Segment Start: Source data

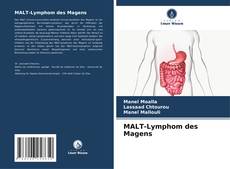 MALT-Lymphom des Magens kitap kapağı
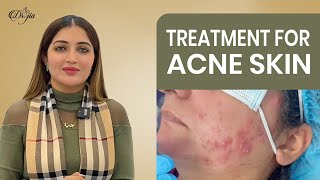 Treatment For Acne Skin  Treatment For Active Acne  Best Dermatologist and Skin Care Specialist [upl. by Ydnelg]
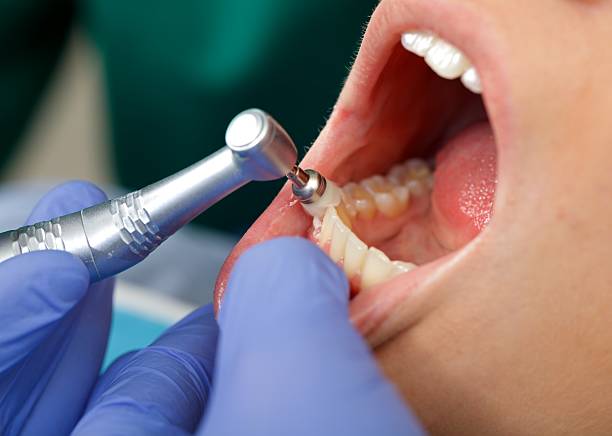 Professional Dental Services in Lemoore, CA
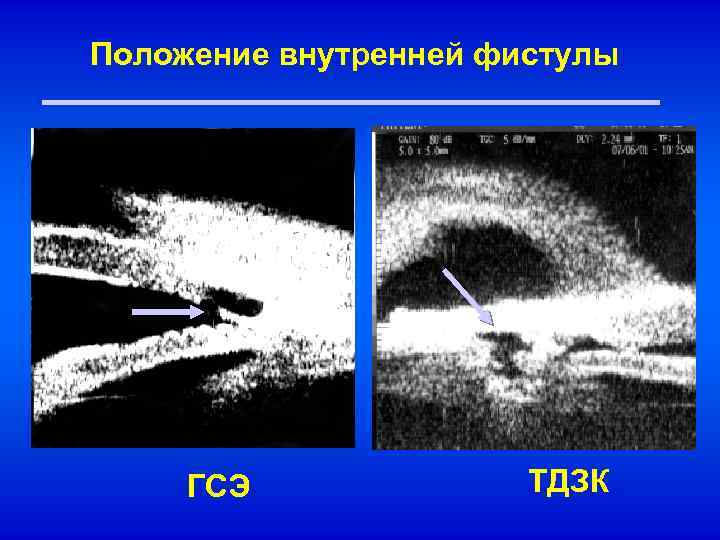 Положение внутренней фистулы ГСЭ ТДЗК 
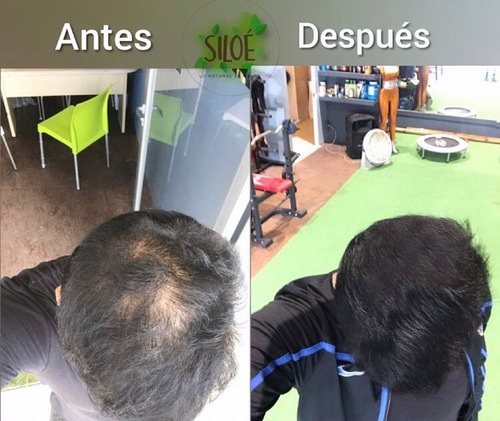 Pack De 3 Shampoos Siloe Contra Calvicie, Caspa, Alopecia.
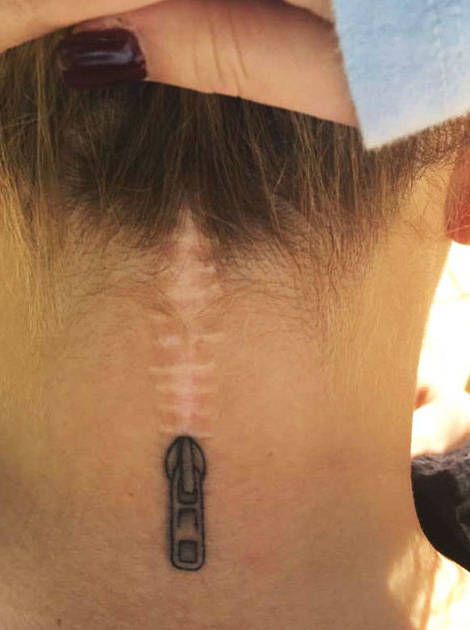 Ein Reißverschluss-Tattoo ziert die Narbe einer Frau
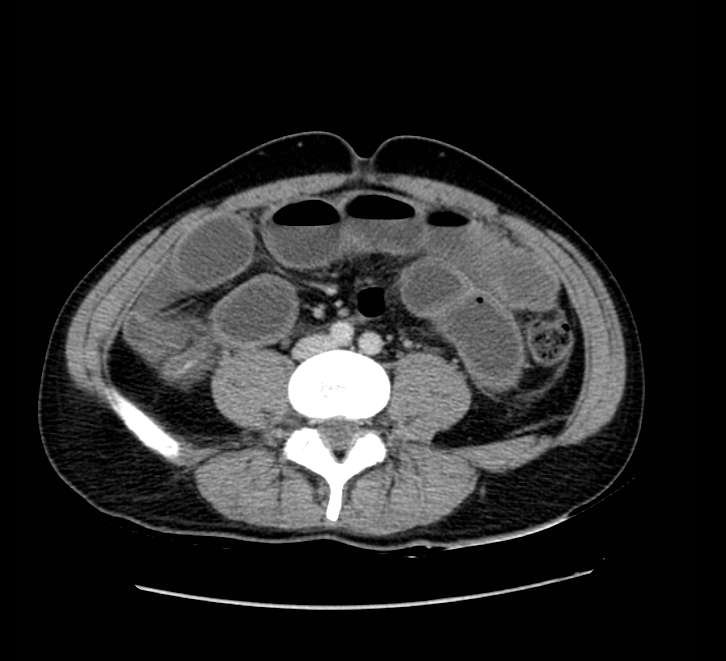 Bowel obstruction from colon carcinoma (Radiopaedia 22995-23028 A 53).jpg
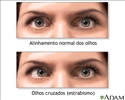Estrabismo
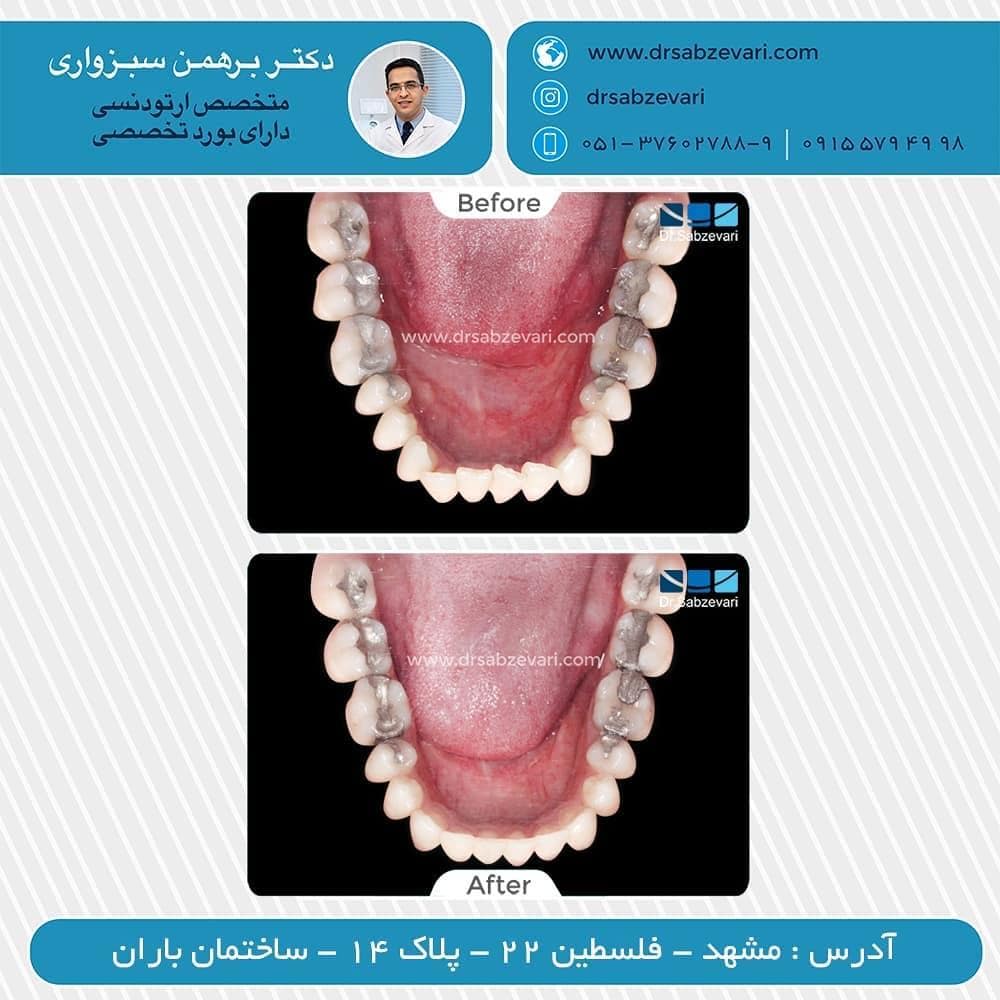 Fixed-orthodontics-of-the-upper-and-lower-jaw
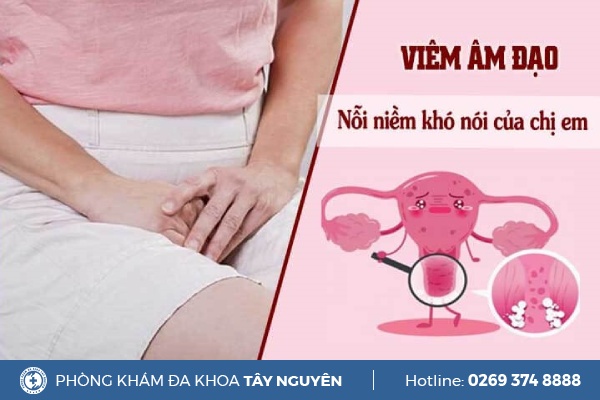 Viêm Âm Đạo - “Kẻ Thù” Của Nhiều Chị Em Phụ Nữ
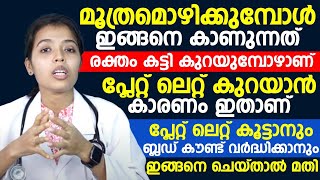 മൂത്രമൊഴിക്കുമ്പോൾ ഇങ്ങനെ കാണുന്നത് ശ്രദ്ധിക്കണം | പ്ലേറ്റലേറ്റ് കൂടാനും കൗണ്ട് വർധിക്കാനും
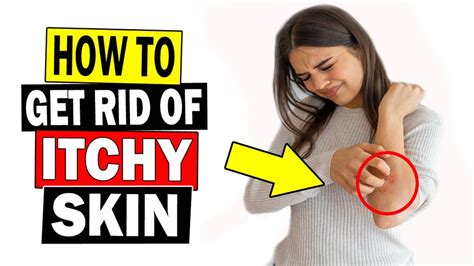 Can mercury make you itchy?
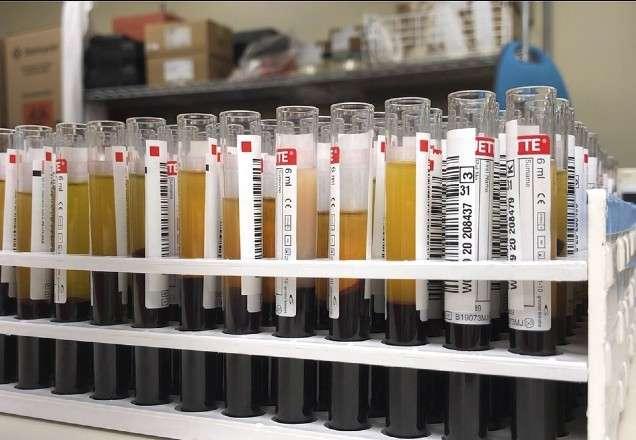 Cientistas estudam se sangue de recuperados previne Covid-19 Cientistas estudam se sangue de recuperados previne Covid-19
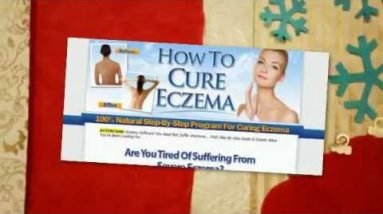 Eczema In Toddlers : 2 Low Cost Eczema Treatments That Work 8 1680921267 hqdefault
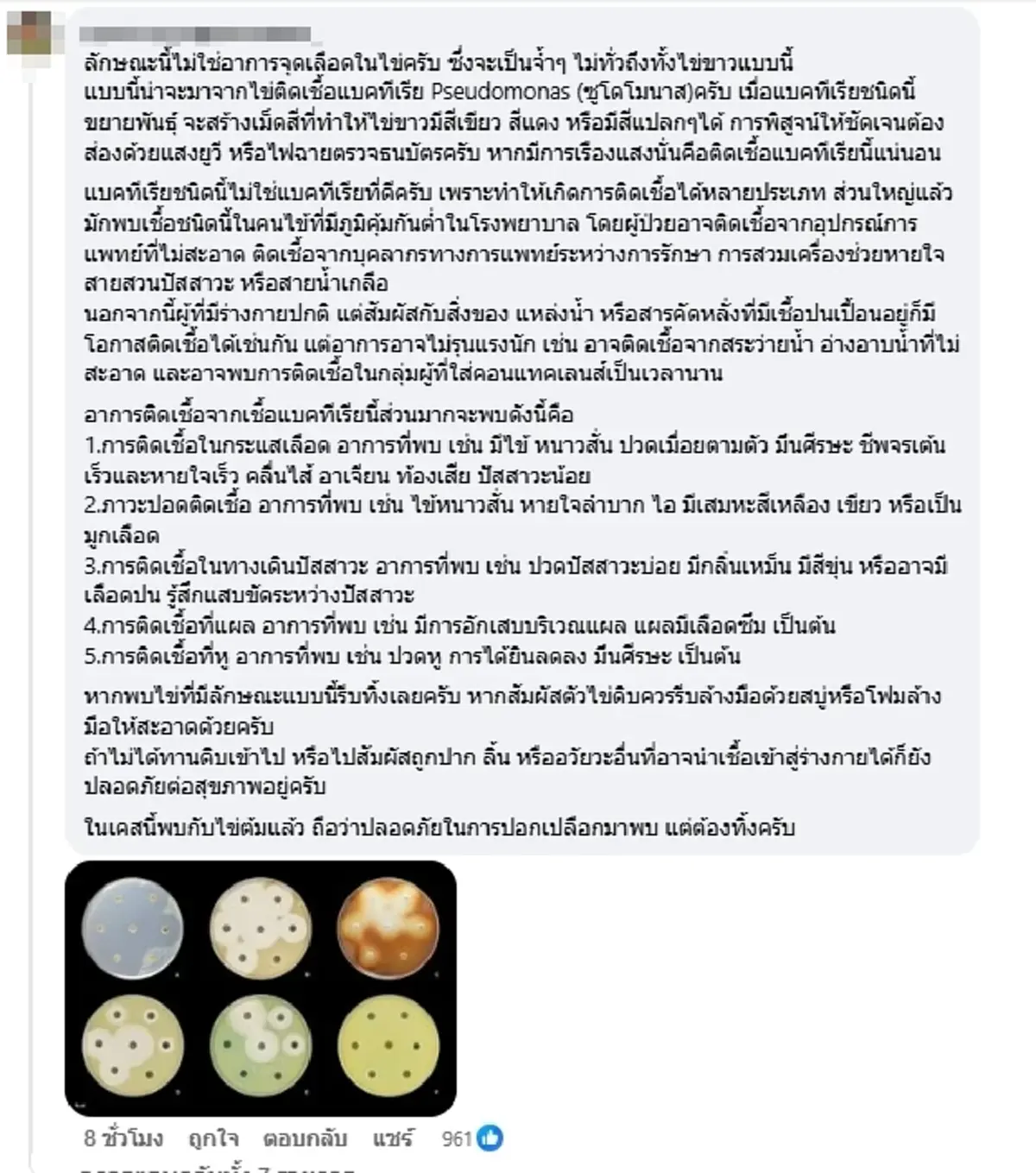 ฮือฮา "ไข่ต้มสีชมพู" สีหวานชวนงง แต่ความจริงอันตรายกว่าที่คิด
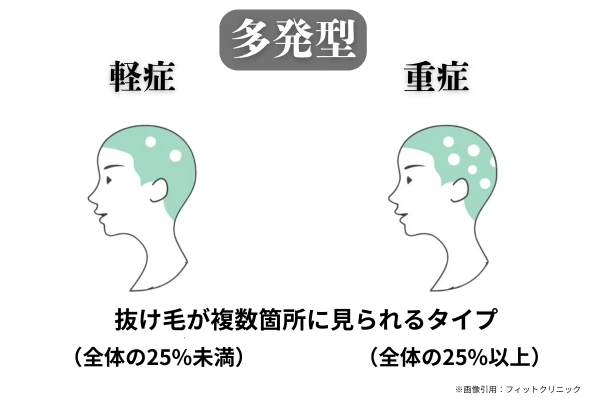 多発型の円形脱毛症のイラスト。複数箇所に脱毛が見られ、軽症（全体の25％未満）と重症（全体の25％以上）を比較して示している
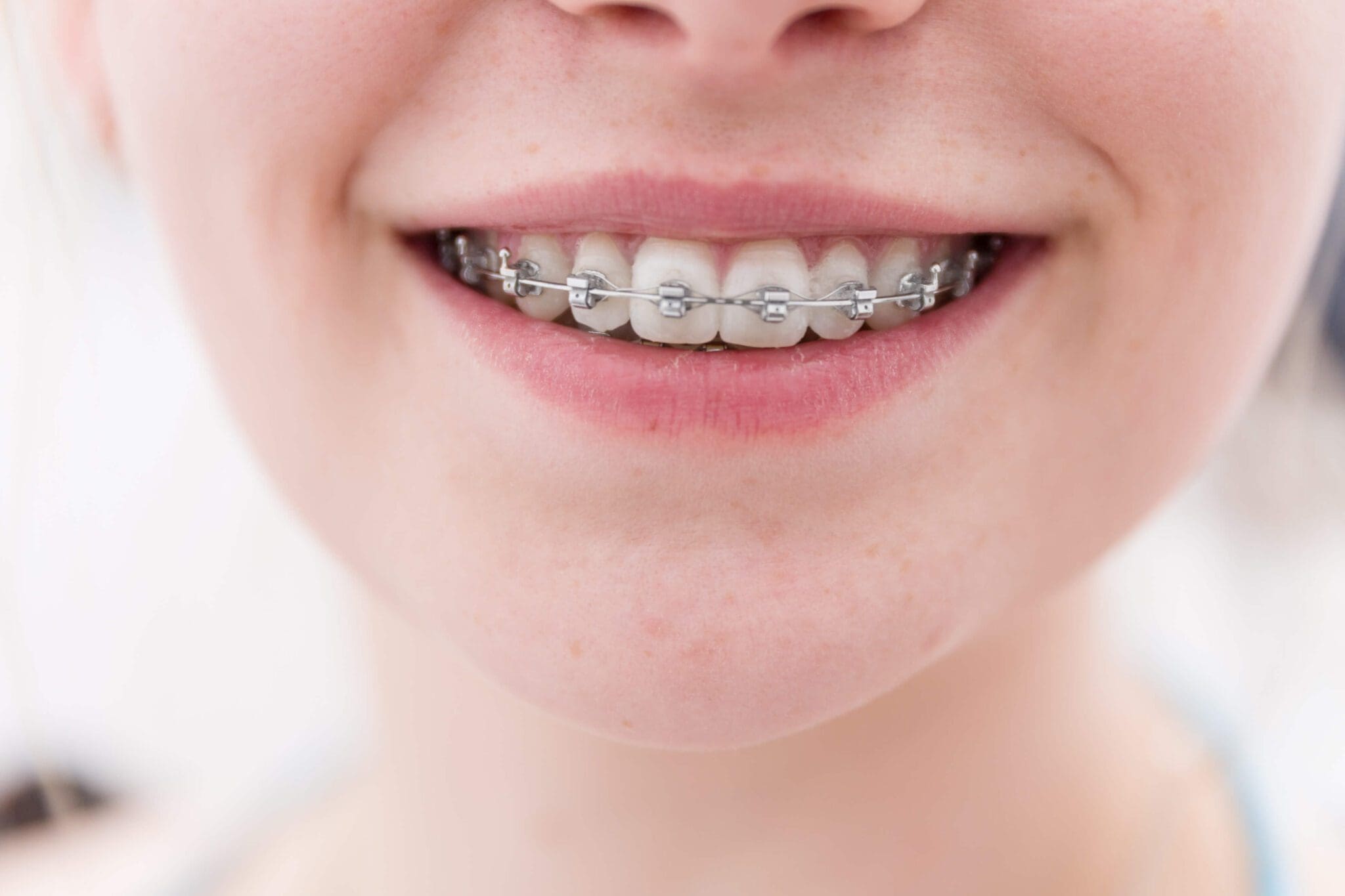 Braces in Kissimmee, FL | Smilebliss Orthodontics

Segment End: Source data

Print, exactly and without pictures, the lines from the one holding "Ein Reißverschluss-Tattoo ziert" through the last line of the entries above, both included.

> **Task solution**:
 Ein Reißverschluss-Tattoo ziert die Narbe einer Frau
 Bowel obstruction from colon carcinoma (Radiopaedia 22995-23028 A 53).jpg
Estrabismo
 Fixed-orthodontics-of-the-upper-and-lower-jaw
 Viêm Âm Đạo - “Kẻ Thù” Của Nhiều Chị Em Phụ Nữ
 മൂത്രമൊഴിക്കുമ്പോൾ ഇങ്ങനെ കാണുന്നത് ശ്രദ്ധിക്കണം | പ്ലേറ്റലേറ്റ് കൂടാനും കൗണ്ട് വർധിക്കാനും
 Can mercury make you itchy?
 Cientistas estudam se sangue de recuperados previne Covid-19 Cientistas estudam se sangue de recuperados previne Covid-19
 Eczema In Toddlers : 2 Low Cost Eczema Treatments That Work 8 1680921267 hqdefault
 ฮือฮา "ไข่ต้มสีชมพู" สีหวานชวนงง แต่ความจริงอันตรายกว่าที่คิด
 多発型の円形脱毛症のイラスト。複数箇所に脱毛が見られ、軽症（全体の25％未満）と重症（全体の25％以上）を比較して示している
 Braces in Kissimmee, FL | Smilebliss Orthodontics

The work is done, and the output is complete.